Brief descriptive captions =
══════
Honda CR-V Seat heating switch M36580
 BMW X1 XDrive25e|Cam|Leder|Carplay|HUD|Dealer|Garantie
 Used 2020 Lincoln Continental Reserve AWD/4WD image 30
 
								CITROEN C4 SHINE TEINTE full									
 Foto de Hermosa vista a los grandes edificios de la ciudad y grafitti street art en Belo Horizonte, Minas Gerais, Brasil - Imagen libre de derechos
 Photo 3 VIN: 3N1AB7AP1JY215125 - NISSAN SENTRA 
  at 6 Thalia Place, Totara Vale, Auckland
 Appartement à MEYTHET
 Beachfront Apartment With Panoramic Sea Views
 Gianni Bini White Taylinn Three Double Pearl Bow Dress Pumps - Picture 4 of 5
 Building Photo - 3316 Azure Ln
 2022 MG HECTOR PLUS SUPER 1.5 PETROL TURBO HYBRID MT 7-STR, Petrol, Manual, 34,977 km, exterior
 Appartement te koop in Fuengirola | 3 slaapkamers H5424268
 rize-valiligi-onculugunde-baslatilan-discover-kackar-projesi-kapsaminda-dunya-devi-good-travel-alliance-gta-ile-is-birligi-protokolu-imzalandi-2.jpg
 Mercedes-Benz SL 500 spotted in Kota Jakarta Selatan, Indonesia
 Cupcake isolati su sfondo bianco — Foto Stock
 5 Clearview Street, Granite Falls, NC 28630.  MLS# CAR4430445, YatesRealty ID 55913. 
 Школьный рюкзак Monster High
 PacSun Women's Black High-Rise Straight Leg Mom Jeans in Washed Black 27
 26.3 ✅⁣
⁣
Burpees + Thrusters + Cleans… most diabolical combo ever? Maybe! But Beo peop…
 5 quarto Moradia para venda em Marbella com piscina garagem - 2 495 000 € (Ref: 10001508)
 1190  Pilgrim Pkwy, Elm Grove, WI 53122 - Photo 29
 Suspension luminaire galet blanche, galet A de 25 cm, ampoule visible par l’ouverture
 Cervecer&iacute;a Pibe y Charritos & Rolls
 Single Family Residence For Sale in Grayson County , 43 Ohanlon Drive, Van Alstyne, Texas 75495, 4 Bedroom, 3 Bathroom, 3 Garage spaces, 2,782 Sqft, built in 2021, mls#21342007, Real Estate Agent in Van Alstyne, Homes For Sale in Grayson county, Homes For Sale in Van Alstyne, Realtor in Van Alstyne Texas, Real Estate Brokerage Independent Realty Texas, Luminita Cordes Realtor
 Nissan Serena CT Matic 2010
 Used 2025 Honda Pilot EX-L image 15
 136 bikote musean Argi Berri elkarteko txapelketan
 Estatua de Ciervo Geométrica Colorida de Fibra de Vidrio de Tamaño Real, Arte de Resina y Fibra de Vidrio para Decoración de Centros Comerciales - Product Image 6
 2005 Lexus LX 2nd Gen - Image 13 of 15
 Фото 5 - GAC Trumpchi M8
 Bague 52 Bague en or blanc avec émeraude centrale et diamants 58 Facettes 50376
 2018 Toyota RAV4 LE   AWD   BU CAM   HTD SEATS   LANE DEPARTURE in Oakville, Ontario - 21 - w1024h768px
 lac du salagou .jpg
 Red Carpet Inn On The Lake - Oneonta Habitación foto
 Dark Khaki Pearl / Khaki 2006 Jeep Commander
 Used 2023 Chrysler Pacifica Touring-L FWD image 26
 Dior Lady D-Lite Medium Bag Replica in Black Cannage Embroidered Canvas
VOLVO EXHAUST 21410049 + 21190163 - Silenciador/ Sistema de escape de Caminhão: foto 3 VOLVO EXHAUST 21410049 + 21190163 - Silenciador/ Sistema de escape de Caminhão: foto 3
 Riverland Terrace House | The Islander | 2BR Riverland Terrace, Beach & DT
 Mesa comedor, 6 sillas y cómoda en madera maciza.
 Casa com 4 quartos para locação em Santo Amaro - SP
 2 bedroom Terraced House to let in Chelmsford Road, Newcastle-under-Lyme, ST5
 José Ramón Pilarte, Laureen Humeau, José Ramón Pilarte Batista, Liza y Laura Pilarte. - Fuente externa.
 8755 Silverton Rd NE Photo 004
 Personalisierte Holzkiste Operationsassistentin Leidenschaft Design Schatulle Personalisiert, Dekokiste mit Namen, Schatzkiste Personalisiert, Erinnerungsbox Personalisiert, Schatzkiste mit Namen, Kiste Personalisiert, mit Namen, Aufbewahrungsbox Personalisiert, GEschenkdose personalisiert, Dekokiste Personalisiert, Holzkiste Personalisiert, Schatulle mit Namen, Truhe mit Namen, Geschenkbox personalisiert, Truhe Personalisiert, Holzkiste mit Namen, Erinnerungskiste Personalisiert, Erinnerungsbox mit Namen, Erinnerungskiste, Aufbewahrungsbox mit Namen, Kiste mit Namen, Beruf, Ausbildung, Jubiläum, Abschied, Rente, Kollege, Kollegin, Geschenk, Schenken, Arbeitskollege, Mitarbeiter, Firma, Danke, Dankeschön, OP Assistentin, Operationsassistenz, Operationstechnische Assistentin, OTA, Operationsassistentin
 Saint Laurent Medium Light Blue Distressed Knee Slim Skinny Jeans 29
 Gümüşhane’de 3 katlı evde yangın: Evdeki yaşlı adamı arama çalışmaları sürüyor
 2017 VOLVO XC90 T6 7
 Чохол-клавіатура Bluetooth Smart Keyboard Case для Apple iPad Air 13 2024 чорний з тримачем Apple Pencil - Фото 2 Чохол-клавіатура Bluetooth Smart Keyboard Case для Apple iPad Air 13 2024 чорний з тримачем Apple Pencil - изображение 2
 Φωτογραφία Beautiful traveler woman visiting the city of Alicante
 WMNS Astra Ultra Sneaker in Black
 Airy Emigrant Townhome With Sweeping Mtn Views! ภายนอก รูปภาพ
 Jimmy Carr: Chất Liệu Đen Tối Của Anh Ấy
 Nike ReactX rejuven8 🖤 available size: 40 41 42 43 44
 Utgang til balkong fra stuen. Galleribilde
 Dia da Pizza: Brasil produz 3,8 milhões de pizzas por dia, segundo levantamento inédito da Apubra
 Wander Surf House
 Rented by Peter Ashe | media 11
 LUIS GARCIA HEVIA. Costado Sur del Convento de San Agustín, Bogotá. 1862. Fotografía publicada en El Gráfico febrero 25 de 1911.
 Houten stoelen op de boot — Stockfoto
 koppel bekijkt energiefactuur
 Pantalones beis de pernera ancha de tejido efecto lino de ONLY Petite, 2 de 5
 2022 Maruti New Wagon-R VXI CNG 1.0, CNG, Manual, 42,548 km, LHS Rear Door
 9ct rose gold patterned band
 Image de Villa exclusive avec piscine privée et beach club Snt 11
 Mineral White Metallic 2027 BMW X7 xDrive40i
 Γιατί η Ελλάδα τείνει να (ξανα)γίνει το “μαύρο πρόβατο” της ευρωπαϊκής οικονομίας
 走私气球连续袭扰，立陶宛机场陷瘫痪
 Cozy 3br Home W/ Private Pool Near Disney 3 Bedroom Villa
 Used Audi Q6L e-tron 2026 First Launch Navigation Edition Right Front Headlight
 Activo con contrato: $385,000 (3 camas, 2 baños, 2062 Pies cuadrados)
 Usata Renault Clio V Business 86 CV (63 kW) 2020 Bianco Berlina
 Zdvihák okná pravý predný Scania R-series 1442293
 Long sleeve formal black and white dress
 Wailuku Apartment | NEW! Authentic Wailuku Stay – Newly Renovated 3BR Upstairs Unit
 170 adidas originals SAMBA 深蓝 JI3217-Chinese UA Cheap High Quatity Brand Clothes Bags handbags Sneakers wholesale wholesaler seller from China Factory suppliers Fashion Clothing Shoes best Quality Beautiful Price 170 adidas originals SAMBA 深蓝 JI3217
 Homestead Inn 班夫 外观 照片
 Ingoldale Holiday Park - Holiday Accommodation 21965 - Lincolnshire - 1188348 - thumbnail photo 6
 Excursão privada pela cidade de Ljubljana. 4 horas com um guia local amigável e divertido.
══════
What the task asks = Send back, unchanged, every line of the records from the one with "Activo con contrato: $385,000" through the last.

Reply to the exercise =
 Activo con contrato: $385,000 (3 camas, 2 baños, 2062 Pies cuadrados)
 Usata Renault Clio V Business 86 CV (63 kW) 2020 Bianco Berlina
 Zdvihák okná pravý predný Scania R-series 1442293
 Long sleeve formal black and white dress
 Wailuku Apartment | NEW! Authentic Wailuku Stay – Newly Renovated 3BR Upstairs Unit
 170 adidas originals SAMBA 深蓝 JI3217-Chinese UA Cheap High Quatity Brand Clothes Bags handbags Sneakers wholesale wholesaler seller from China Factory suppliers Fashion Clothing Shoes best Quality Beautiful Price 170 adidas originals SAMBA 深蓝 JI3217
 Homestead Inn 班夫 外观 照片
 Ingoldale Holiday Park - Holiday Accommodation 21965 - Lincolnshire - 1188348 - thumbnail photo 6
 Excursão privada pela cidade de Ljubljana. 4 horas com um guia local amigável e divertido.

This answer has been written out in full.